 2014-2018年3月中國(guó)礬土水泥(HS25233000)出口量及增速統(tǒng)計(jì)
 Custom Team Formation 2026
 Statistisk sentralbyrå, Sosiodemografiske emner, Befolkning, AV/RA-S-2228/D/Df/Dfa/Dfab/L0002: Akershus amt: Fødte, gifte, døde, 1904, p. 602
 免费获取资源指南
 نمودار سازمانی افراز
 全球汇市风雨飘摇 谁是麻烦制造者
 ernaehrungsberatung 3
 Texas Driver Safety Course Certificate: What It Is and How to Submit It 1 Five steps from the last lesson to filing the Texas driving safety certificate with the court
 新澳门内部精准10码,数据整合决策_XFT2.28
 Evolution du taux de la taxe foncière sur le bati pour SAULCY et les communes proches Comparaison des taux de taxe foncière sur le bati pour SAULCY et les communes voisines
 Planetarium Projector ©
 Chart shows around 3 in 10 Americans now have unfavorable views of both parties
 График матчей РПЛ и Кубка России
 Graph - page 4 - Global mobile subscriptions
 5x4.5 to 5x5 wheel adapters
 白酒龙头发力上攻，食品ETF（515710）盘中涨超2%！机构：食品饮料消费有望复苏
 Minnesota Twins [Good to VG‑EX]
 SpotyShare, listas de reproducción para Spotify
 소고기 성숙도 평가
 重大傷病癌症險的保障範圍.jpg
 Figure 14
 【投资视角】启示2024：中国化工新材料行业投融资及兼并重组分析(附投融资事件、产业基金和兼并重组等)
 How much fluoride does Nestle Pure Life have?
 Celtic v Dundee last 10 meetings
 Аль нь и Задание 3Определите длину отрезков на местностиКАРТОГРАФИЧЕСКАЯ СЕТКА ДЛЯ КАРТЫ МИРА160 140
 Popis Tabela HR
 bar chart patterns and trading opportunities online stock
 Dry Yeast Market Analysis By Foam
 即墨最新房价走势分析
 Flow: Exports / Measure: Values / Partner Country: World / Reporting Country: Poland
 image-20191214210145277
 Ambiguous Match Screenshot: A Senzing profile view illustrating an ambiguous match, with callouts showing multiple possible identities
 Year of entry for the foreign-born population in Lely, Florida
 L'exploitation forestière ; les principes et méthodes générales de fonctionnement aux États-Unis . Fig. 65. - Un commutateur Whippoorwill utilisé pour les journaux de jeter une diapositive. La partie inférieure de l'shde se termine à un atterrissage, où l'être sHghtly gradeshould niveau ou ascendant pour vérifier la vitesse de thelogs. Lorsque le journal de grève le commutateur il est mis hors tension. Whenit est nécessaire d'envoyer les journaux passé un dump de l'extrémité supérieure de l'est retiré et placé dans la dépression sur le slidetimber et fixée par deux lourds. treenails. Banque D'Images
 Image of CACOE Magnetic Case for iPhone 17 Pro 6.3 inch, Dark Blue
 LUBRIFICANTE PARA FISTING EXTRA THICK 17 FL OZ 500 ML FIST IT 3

How to complete this task >> Start with the line above that contains "Statistisk sentralbyrå, Sosiodemografiske" and end with the line that contains "新澳门内部精准10码,数据整合决策_XFT2.28". Write out those lines exactly, and only those.

Exercise result >>
 Statistisk sentralbyrå, Sosiodemografiske emner, Befolkning, AV/RA-S-2228/D/Df/Dfa/Dfab/L0002: Akershus amt: Fødte, gifte, døde, 1904, p. 602
 免费获取资源指南
 نمودار سازمانی افراز
 全球汇市风雨飘摇 谁是麻烦制造者
 ernaehrungsberatung 3
 Texas Driver Safety Course Certificate: What It Is and How to Submit It 1 Five steps from the last lesson to filing the Texas driving safety certificate with the court
 新澳门内部精准10码,数据整合决策_XFT2.28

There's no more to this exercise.